INFORMATION SHOWN
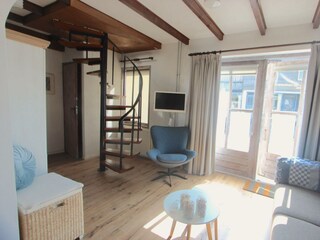 Vakantiehuis Egmond aan Zee Buitenaudio-opname 6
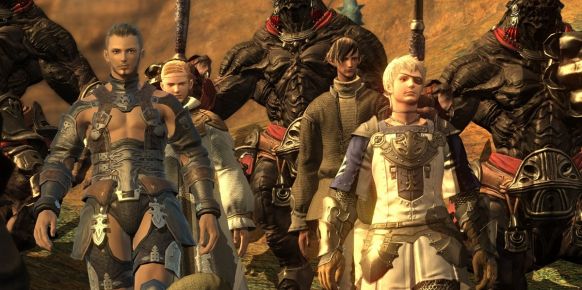 La beta abierta de Final Fantasy XIV para PC comenzará en septiembre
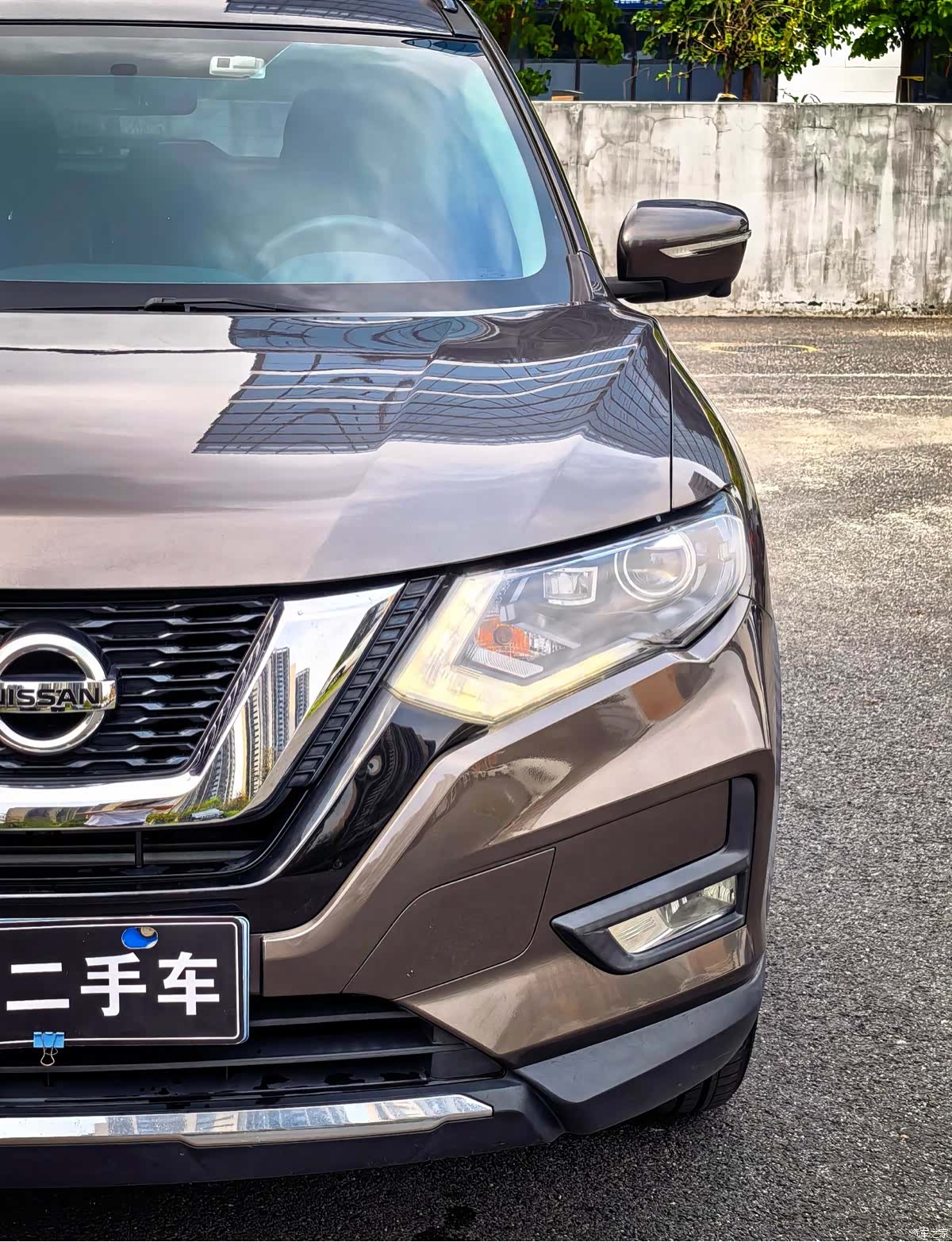 Nissan X-Trail, 2018 8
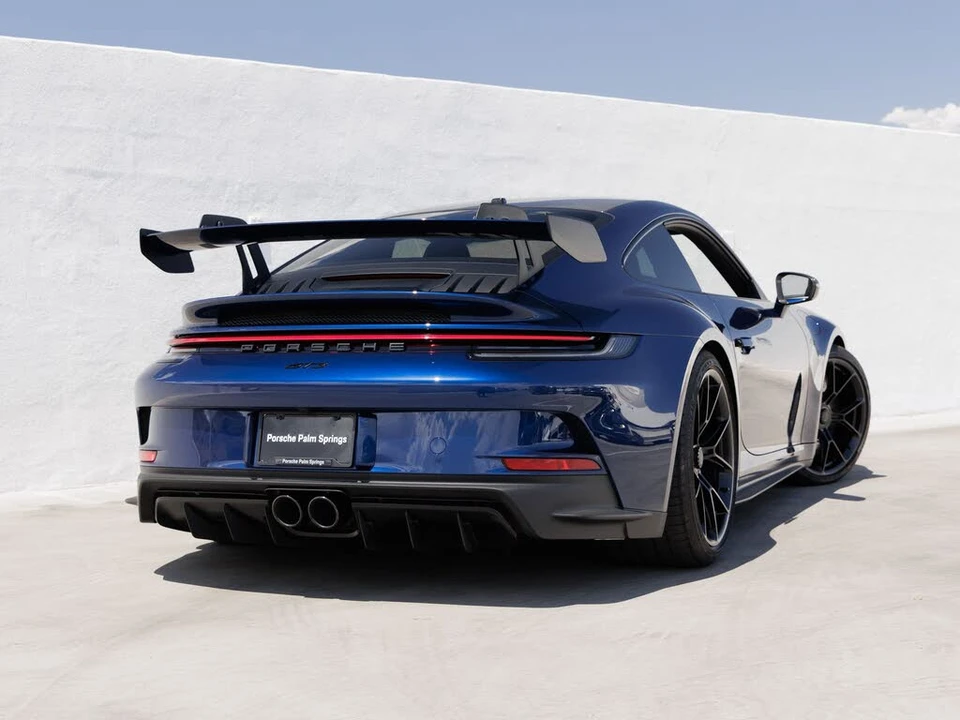 2022 Porsche 992 GT3 - Image 7 of 31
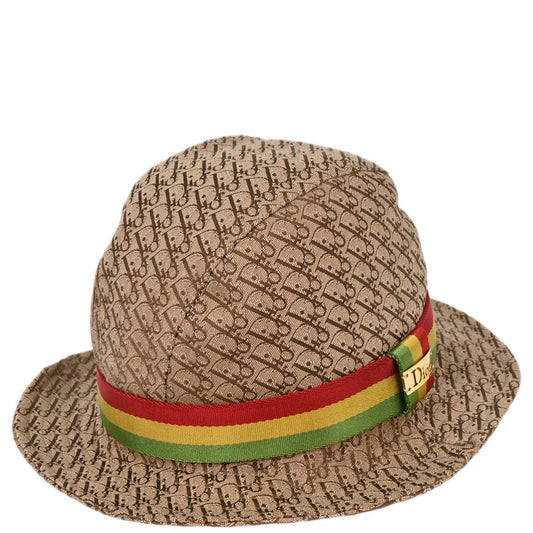 Christian Dior Trotter Hat Beige #57
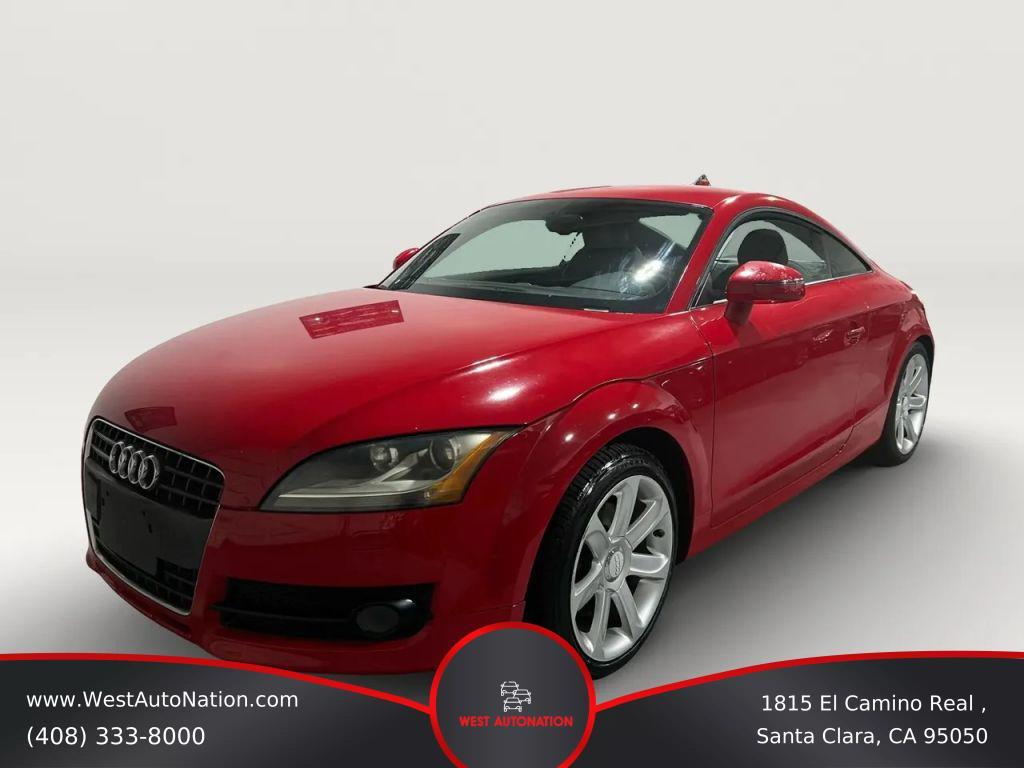 used 2008 Audi TT car, priced at $11,499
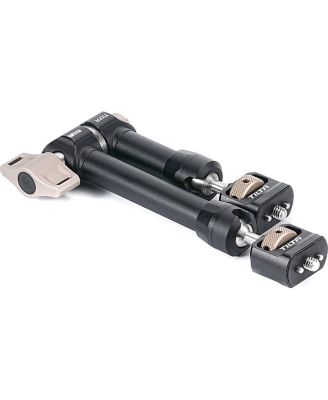 Tilta Pro Articulating Arm with Dual Ball Heads, 1/4"-20 Screws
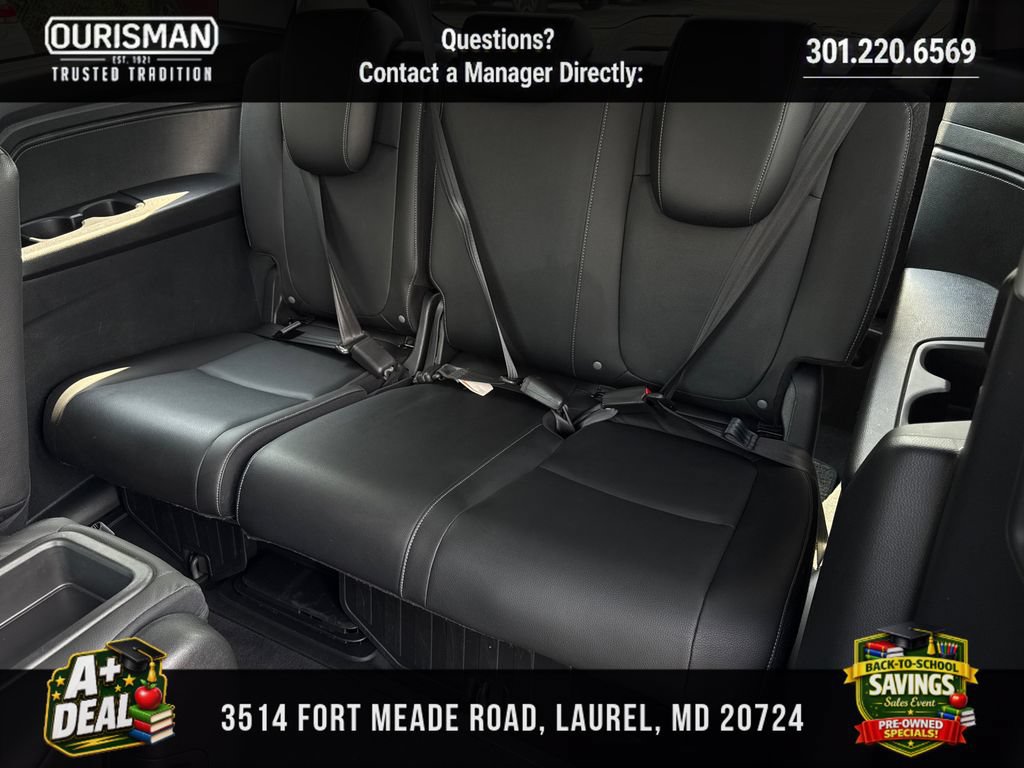 Used 2023 Honda Odyssey EX-L image 20
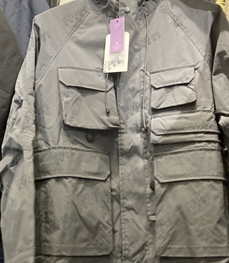 市场上装-夹克-休闲夹克【实拍】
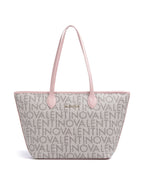Valentino Bags Tote Bag – Beige / Rosa 1
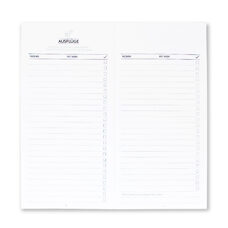 Booklet "Once in a Lifetime" 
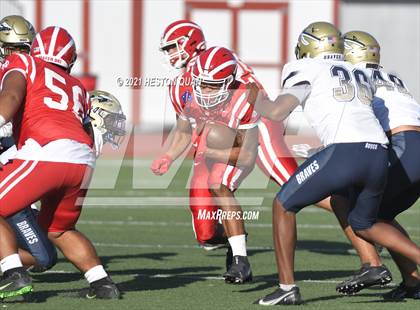 Thumbnail 1 in JV: St. John Bosco @ Mater Dei photogallery.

TASK INSTRUCTIONS
All records above need to be returned exactly. Omit the pictures.

PROBLEM SOLUTION
 Vakantiehuis Egmond aan Zee Buitenaudio-opname 6
 La beta abierta de Final Fantasy XIV para PC comenzará en septiembre
 Nissan X-Trail, 2018 8
 2022 Porsche 992 GT3 - Image 7 of 31
 Christian Dior Trotter Hat Beige #57
 used 2008 Audi TT car, priced at $11,499
 Tilta Pro Articulating Arm with Dual Ball Heads, 1/4"-20 Screws
 Used 2023 Honda Odyssey EX-L image 20
 市场上装-夹克-休闲夹克【实拍】
Valentino Bags Tote Bag – Beige / Rosa 1
 Booklet "Once in a Lifetime" 
 Thumbnail 1 in JV: St. John Bosco @ Mater Dei photogallery.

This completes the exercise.